Film „Łowca” zaskoczył mnie w miejscu w którym najmniej się tego spodziewałem. Udając się do kina byłem szczerze przeświadczony, że wybieram się na film, który będzie prostym kinem przygodowym, zabarwionym lekką ideą jedności z naturą. Wiele z tego okazało się prawdą, jednak główny tor całej historii zaskoczył mnie wyjątkowo pozytywnie. Nie uraczy się w tym filmie żadnej nachalnej sceny New Age'owej propagandy o jedności ze wszystkim co żyje, nie ma też płytkiej gloryfikacji łowcy na wzór traperów z czasów podboju Ameryki.

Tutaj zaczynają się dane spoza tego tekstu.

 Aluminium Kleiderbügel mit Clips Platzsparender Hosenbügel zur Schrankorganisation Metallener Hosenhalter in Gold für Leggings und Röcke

Wszystko zostało sprytnie związane ze sobą, a pętelki obu racji spotykają się w najbardziej dla filmu optymalnym momencie. Wyważenie dwóch stron konfliktu, tej pro-naturalnej i tej walki człowieka z dzikim zwierzęciem, osiągnęło poziom zadowalający obie strony, pozostawiając dużo miejsca do pokazania psychiki człowieka w sposób obiektywny. Główny bohater nie foruje swojego dzikiego oponenta, z drugiej zaś, darzy go szacunkiem. Przypomina to relacje Indian ze zwierzyną, na którą polowali. Świadomi swojej przewagi, po wygranej walce oddawali niemal nabożną cześć duchowi upolowanej istoty. Głównemu bohaterowi daleko do oddawania czci Tygrysowi, jednak czuć w nim dawne idee pierwotnych mieszkańców Ameryki.
Willem DaFoe jest dla mnie aktorem, który potrafi pokazać każdy rodzaj emocji w sposób trafiający bez żadnych sprzeciwów do widza. Talent ten dostrzegli producenci „Łowcy”, pozwalając mu na niewerbalną zabawę z dużego ekranu. Większa część filmu jest zupełnie niema, pozostawiając na barkach DaFoe rozmowę bez słów, grę twarzą. Nie jest to zadanie łatwe, jednak dla tak utytułowanego aktora okazało się proste do tego stopnia, że wraz z nim przemierzałem rejony Tasmanii nie prosząc o żadne słowa. Sam Neill dawno już nie gościł na dużym ekranie. Rolą w „Łowcy” nie tylko o sobie przypomniał, ale pokazał, że jeszcze nie dopadła go rdza aktorska. Pomimo że na ekranie pojawia się niezbyt często, kiedy już do tego dochodzi, ukazuje się jego talent. Nieszczęściem dla jego bohatera jest bycie tym „złym”, jednak widzowi w niczym to nie przeszkadza - dobrze zagrana rola obroni się sama.
„Łowca” zaskoczył mnie tym, jak prosty scenariusz, dzięki dobremu aktorstwu, może stać się historią, która wciągnie widza całkowicie. Film ten zaliczam do gatunku, którego nazwę sam wymyśliłem: „dzieje się mało, a człowiek siedzi jak zaczarowany”. Uważam, że takie filmy bardzo oczarowują ten rodzaj widza, który nie szuka historii kluczącej wokół głównego wątku filmu, a skupiającej się na psychice bohatera, tak że trudno poderwać do lotu własną świadomość. To, co najbardziej pasjonuje w filmach, nie jest dostępne dla oczu, ale dla umysłu. Jeśli odnajdujecie się w tym stwierdzeniu, zapewniam was, że „Łowca” zadowoli was w zupełności.